Posted by martinteller on July 14, 2013

I considered writing this as a “guilty pleasure” review.  But guilty pleasures are movies (or music or books or whatever) that you recognize as “bad” but forgive their flaws because of whatever simple pleasures they provide.  And the thing is, I don’t think this movie is bad.  Why should I feel “guilty” just because it has a 29% rating on Rotten Tomatoes or Roger Ebert gave it one and a half stars?

Now, I’m not totally blind to Silent Hill‘s faults.  The story (more specifically the backstory) is quite difficult to comprehend.  It helps to have played the videogames, and even with that advantage I must admit it wasn’t until this fourth viewing that it finally made a reasonable amount of sense to me.  Granted, I’m not one to quibble over story, but the difference between this and something like, say, Last Year at Marienbad is that here they go through so much to try to explain the story.  If they’d just left it as a vague “some weird shit happened” scenario, it would be easier to overlook the narrative fumbling.

And okay, some of the dialogue stinks.  And there are other things that are certainly nitpick-worthy.  But honestly, I don’t think there’s anything that terrible about the movie.  I even retract my earlier gripe about its humorlessness… humor would just interfere with the oppressive mood of sorrow, decay and suffering that the film so perfectly evokes.  There’s no lightness in it, no comfort to be found from the first frame to the last.

Above all else, it’s a masterpiece of art direction.  Gans gives each “world” a distinct feel.  There’s the realism — although still a bleak realism — of the “actual” world.  There’s the chilling emptiness of the “shadow” world, all cold, foggy grays with decrepit structures and ash in the air like slowly falling snowflakes.  And there’s the nightmare of the “darkness” world, with barbed wire and exposed framework and corrosion.  The creatures of this world are not so much horrifying (except perhaps “Pyramid Head”) as they are unsettling, like nature gone awry.  Not just true to the games, but brought alive to the cinema with fine craftsmanship (a couple of the CGI effects are starting to show their age, but nothing too distracting).

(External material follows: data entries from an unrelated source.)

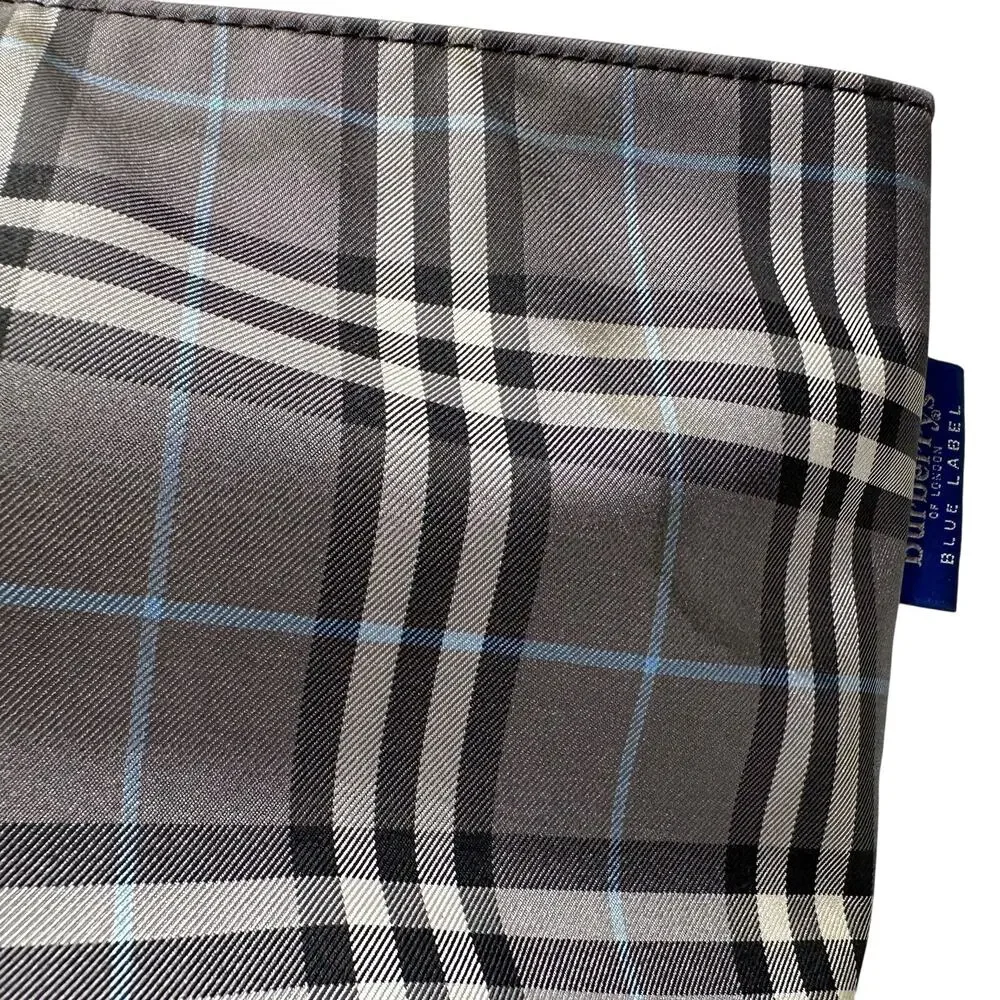 Autre Marque Burberrys London Gray Nova Check Blue Label NylonTote Bag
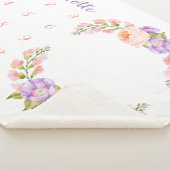 水彩フローラモノグラムベビーマイルストーンフォト シェルパブランケット (3/4)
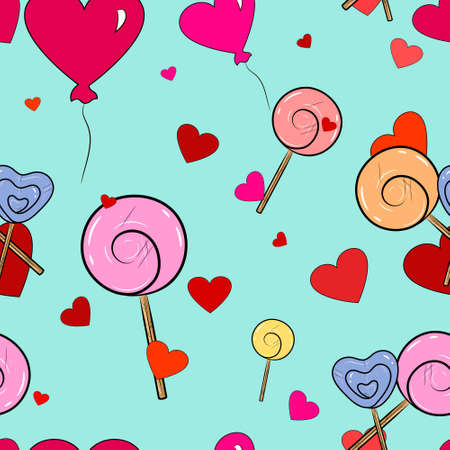 Lollipops, balloons and hearts Seamless Pattern. Love background. Vector illustration.のイラスト素材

It’s mostly the look and the feel of the movie that captivate me, but that’s enough for me to love it.  And it’s not like I don’t enjoy the story or the horror elements… the creative gore and hellish scenarios.  I don’t think that one day people will regard Silent Hill as a maligned masterpiece, but I do think it’s a good movie.  I always get sucked into it, without a shred of guilt.  Rating: Very Good (86)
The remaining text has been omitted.